Booknesses: Contemporary South African Artists' Books is an important element
within the set of activities which constitute the broader Booknesses project.
This exhibition runs parallel to the international colloquium Booknesses:
Taking Stock of the Book Arts in South Africa and the exhibition Booknesses:
Artists' Books from the Jack Ginsberg Collection.
We, in South Africa, are extremely privileged to have access to Jack's
remarkable collection through the selection of books seen on show at our sister
galley, the UJ Art Gallery.
However, within this august company, the aim of the project is to bring South
African book artists, designers, papermakers, bookbinders, teachers, academics
and interested members of the public together for the first time to share their
passion for the artist's book.
In this regard, the call for bookworks for Booknesses: Contemporary South
African Artists' Books, exhibited here in the FADA Gallery, was specifically
broad and open to anyone whose recent work displays the following criteria:
A high degree of craftsmanship and production values
Exploration and development of the thematics of Bookness or unpacks elements
of book structure and materiality
Demonstrates discernible and visible content and is not simply a folio of
images
May be in conventional or unconventional book form (codex, leporello,
scroll, folio, gatefold, digital etc.)
The resulting exhibition is testimony to the enthusiasm which both young and
mature South African artists bring to the book-as-artwork.

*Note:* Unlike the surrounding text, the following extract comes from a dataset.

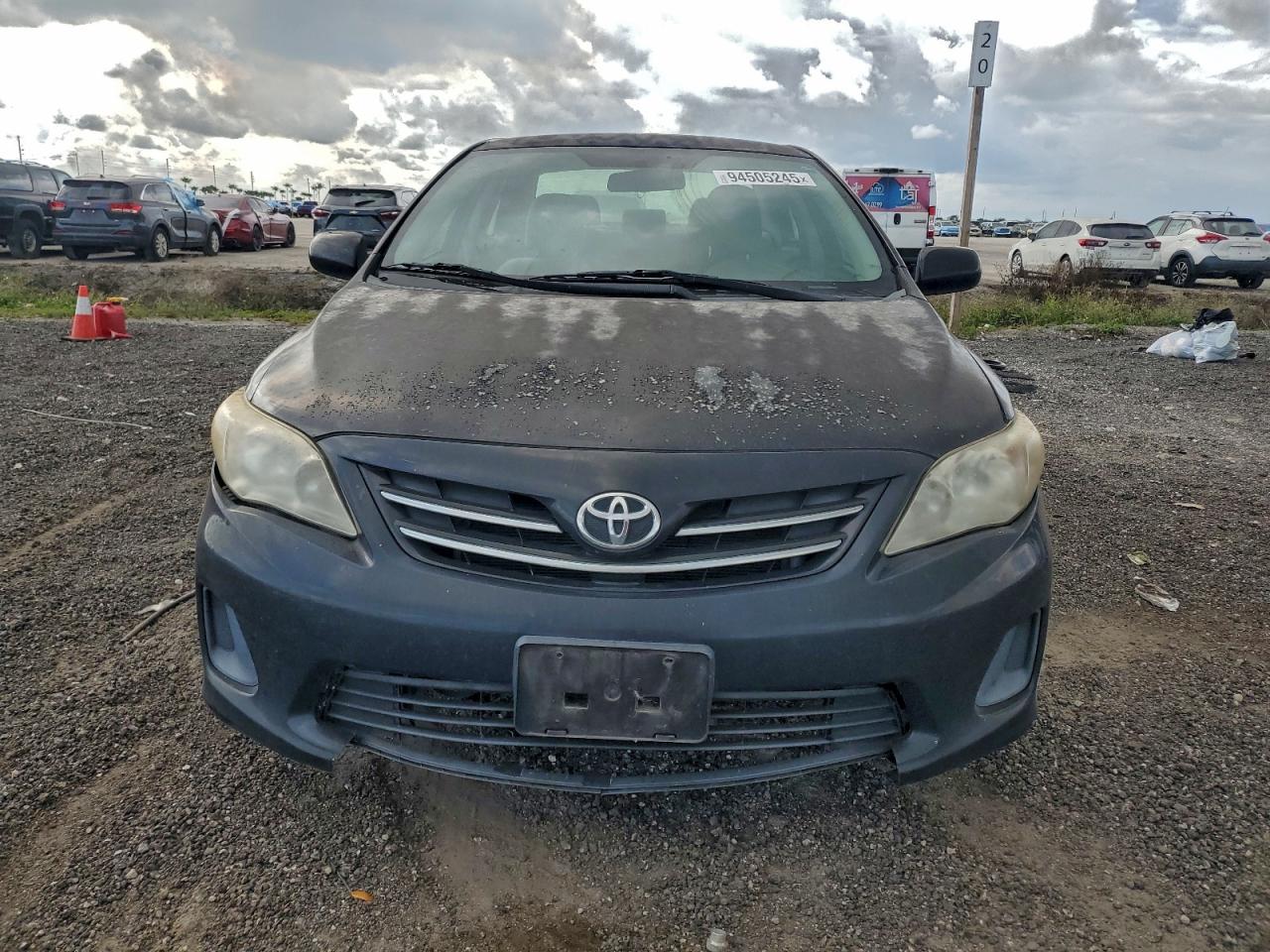 Toyota Corolla Base Image 12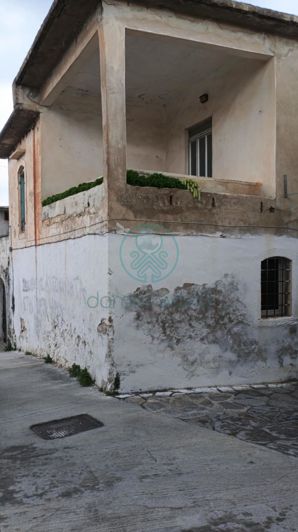 Image No.5-2 Bed House for sale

In the hands of these
artists, the book continues to be a site of interrogation, wonder, nostalgia,
contemporary modes of communication, socio-political commentary, identity
formation as well as personal introspection.
The diversity of bookworks evident on this exhibition: from sculptural
one-of-a-kind objects, through more conventional forms of the codex, to digital
and video-based work, speaks to the vigour of the field in this country.
Notwithstanding the changes wrought upon the haptic, material book in these
local artists' hands, the idea of the book as a vital cultural and artistic form
proves to be as rich as in any other place on the planet at present.
Through the aims of the Booknesses project and this exhibition in particular,
we are confident that the book arts in South Africa is not only dynamic, vibrant
and alive but also demonstrates that, in a digital world, the idea of what a
book is and means is as vital as when the Chinese and Johannes Gutenberg first
explored movable type as a means to communicate more effectively and richly.
Thus the idea of a book's 'nesses' - its possible meanings and impacts -
frames this exhibition and the broader endeavours of the Booknesses project.